| > That is exactly why the term "object-oriented" was originally coined for Smalltalk. Sure but your definition doesn't cover it. If language for which the term was coined, it's a bit meaningless, ain't it. Problem with making encapsulation and polymorphism essential to OOP definition, is that it then starts garbling up functional languages like Haskell and imperative like C. I can see them being necessary but not enough to classify something as OOP. > And when you look you'll soon find out that there is no commonality here. Perhaps, but broadly speaking people agree that C++ and Java are OOP, but for example C isn't. Same way when people say and give me a fruit (as in fruits and vegetables), you'd be looked oddly if you gave a cucumber, rather than an apple. Same way can be thought of OOP. The common definition is basically covers Message-passing-languages, and inheritance/prototype based languages. |
How does it not cover it?
> Problem with making encapsulation and polymorphism essential to OOP definition, is that it then starts garbling up functional languages like Haskell and imperative like C.
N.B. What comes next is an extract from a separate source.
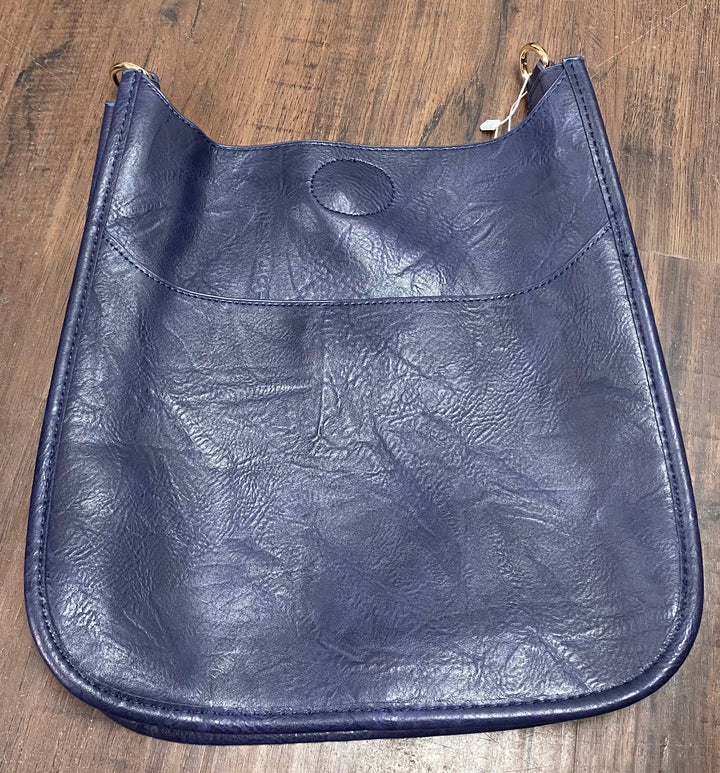 Ahdorned Classic Messenger Bag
Polymorphism? That was never mentioned. Let me reiterate the definitions:
- Imperative: Plain functions (C, Fortran, Pascal).
- Functional: Functions with encapsulation (C++, Java, Haskell, Erlang).
- Object-oriented: Message passing (Smalltalk, Objective-C, Ruby, Erlang).
Let me also reiterate that there are other axis of concerns. Imperative, functional, and object-oriented are not trying to categorize every last feature a programming language might have. Mutable/immutable, or polymorphic/monomorphic, etc. are others concern and can be independently labeled as such.
> Perhaps, but broadly speaking people agree that C++ and Java are OOP
Many do, but just as many hold on to the original definition. Try as you might, you're not going to find a common definition here, I'm afraid. If you want to use the term effectively, you're going to have to explicitly define it each time.